#### Assignment
In the records below, reproduce exactly the lines from the one containing "2 bedroom ground" through the one containing "Eduardo Bolsonaro diz", both included, and omit the pictures.

#### Given data
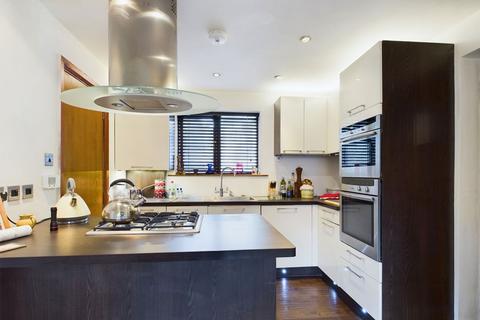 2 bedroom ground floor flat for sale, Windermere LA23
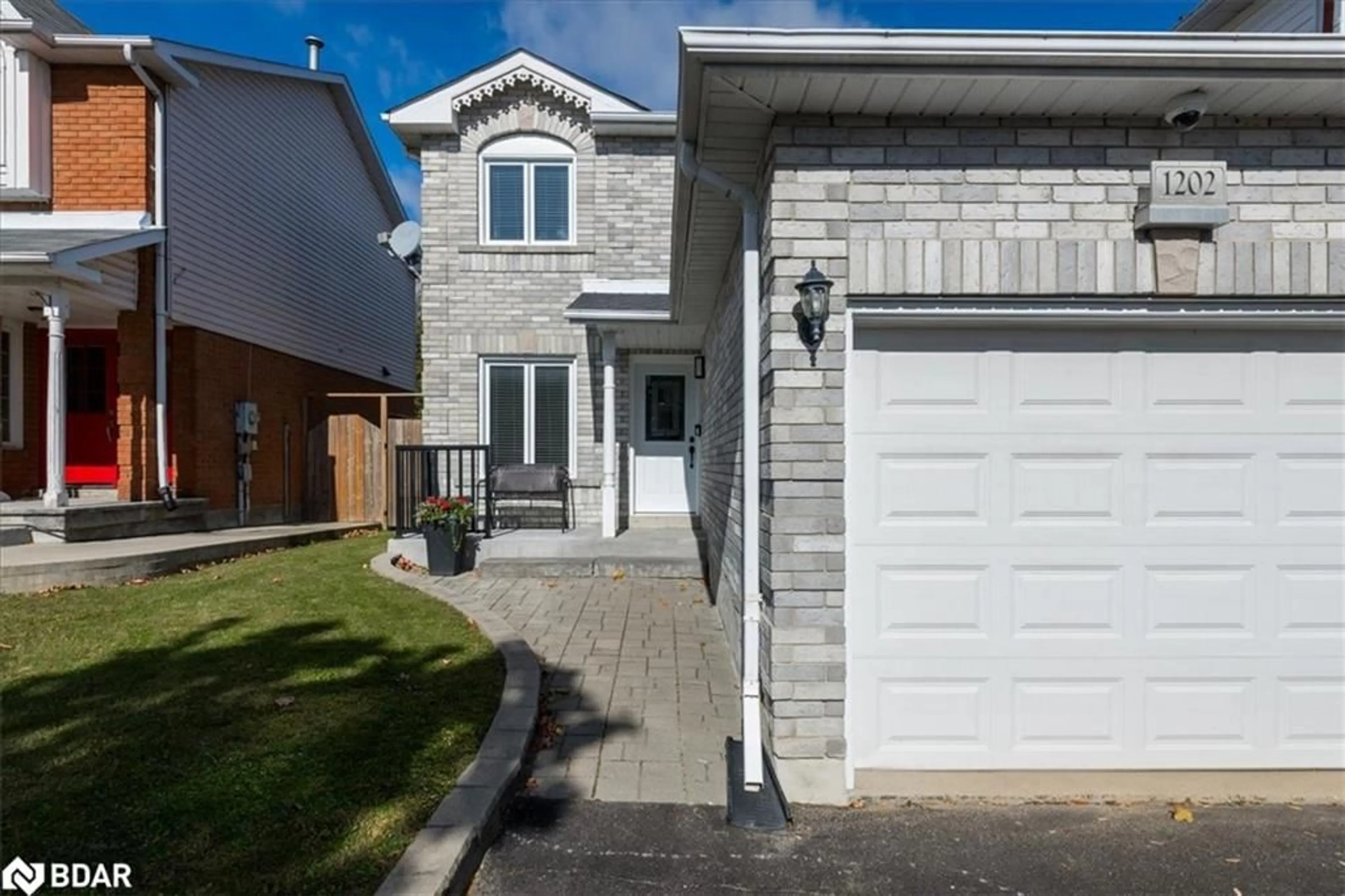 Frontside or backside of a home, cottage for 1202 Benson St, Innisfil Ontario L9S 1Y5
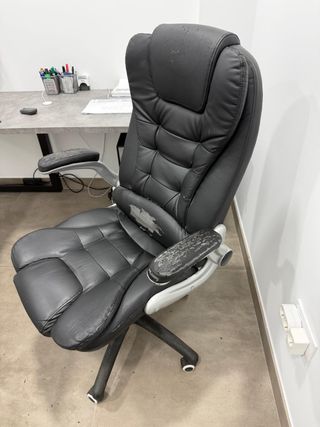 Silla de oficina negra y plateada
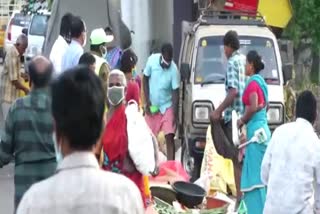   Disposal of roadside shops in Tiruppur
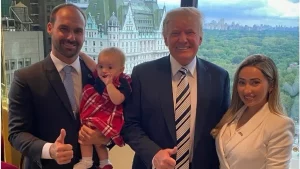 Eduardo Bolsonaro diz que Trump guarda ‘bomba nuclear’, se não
==
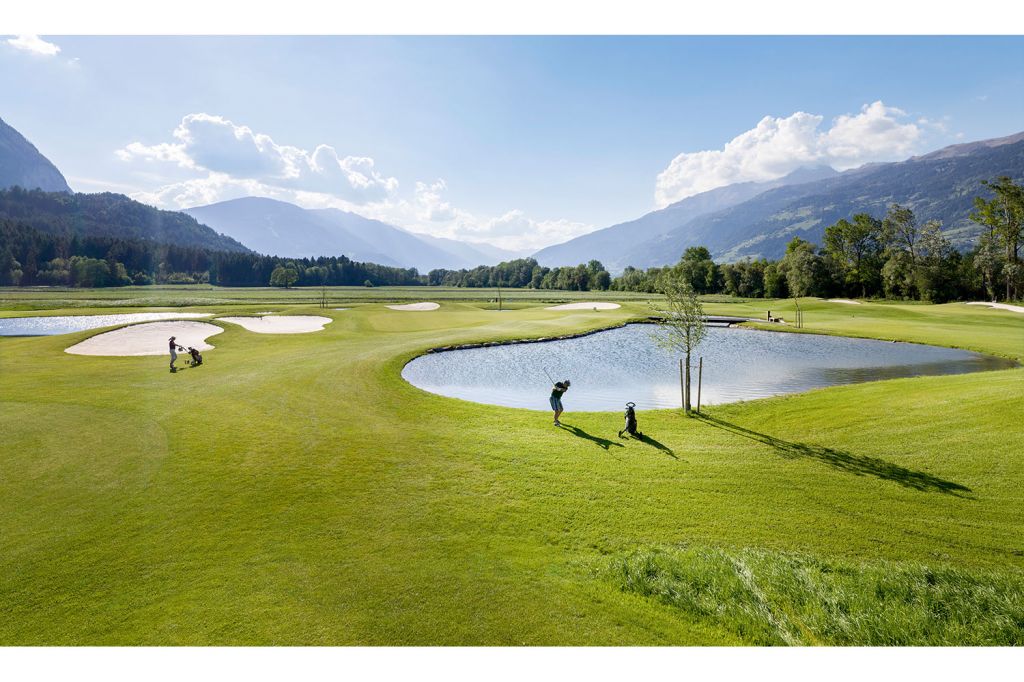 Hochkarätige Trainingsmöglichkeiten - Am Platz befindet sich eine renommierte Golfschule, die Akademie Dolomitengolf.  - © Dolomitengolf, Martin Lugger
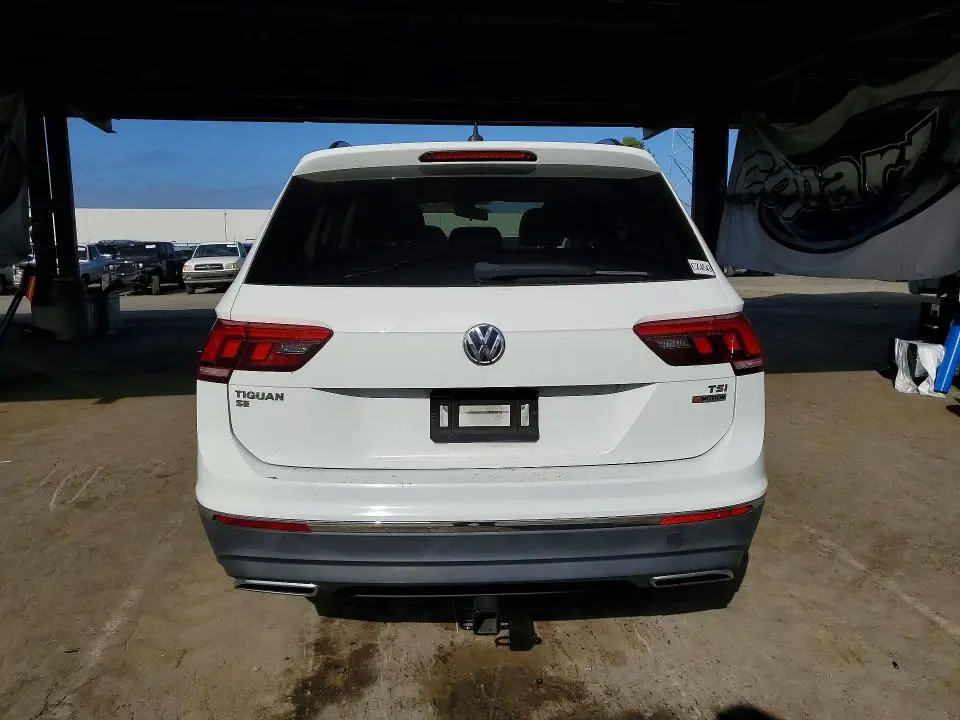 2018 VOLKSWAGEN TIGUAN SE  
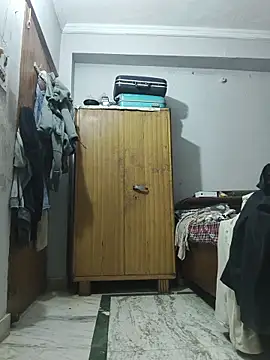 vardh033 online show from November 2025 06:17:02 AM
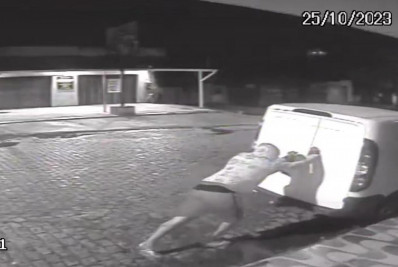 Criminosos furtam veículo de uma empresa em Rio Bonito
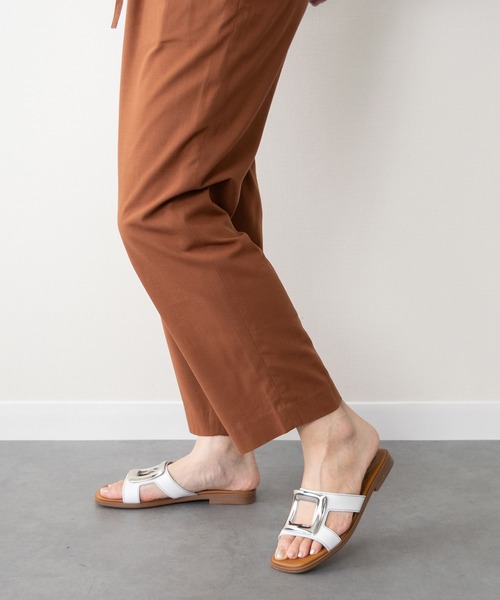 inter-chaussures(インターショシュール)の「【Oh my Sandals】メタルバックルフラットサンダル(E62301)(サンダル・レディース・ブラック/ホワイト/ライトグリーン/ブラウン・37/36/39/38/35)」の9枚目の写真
...
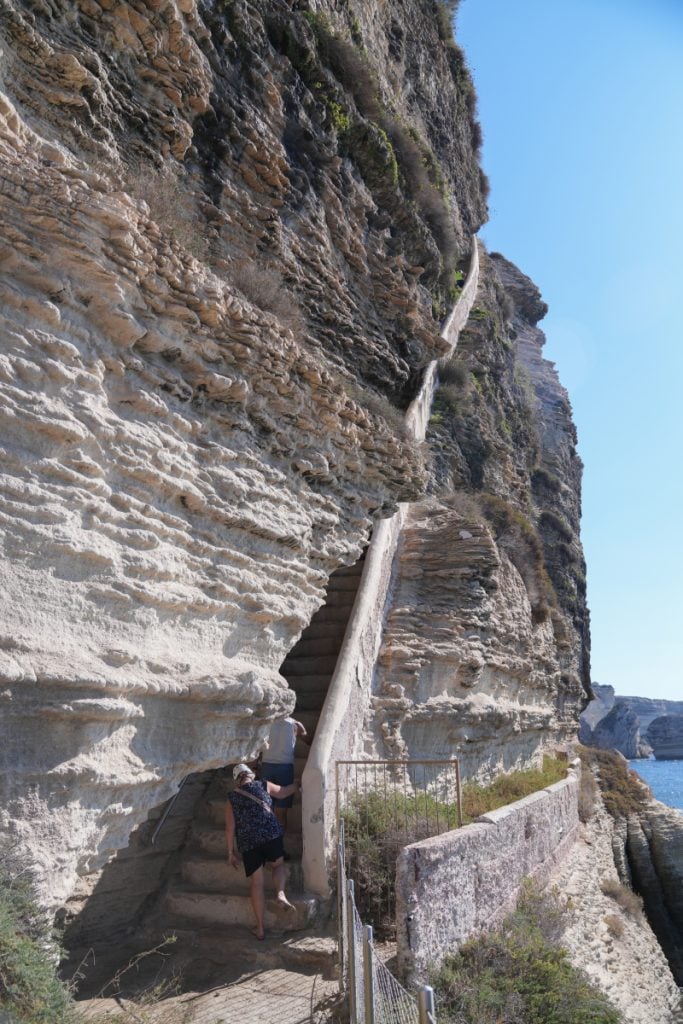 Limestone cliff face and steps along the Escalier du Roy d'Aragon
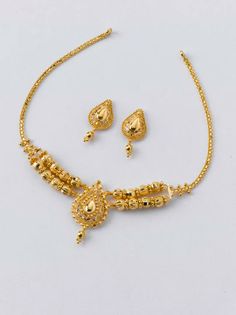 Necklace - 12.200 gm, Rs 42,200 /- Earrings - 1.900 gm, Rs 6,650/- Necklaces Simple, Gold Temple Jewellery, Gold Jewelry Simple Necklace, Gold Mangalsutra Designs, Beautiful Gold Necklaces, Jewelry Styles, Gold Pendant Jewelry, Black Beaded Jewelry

#### Exercise result
 2 bedroom ground floor flat for sale, Windermere LA23
 Frontside or backside of a home, cottage for 1202 Benson St, Innisfil Ontario L9S 1Y5
 Silla de oficina negra y plateada
   Disposal of roadside shops in Tiruppur
 Eduardo Bolsonaro diz que Trump guarda ‘bomba nuclear’, se não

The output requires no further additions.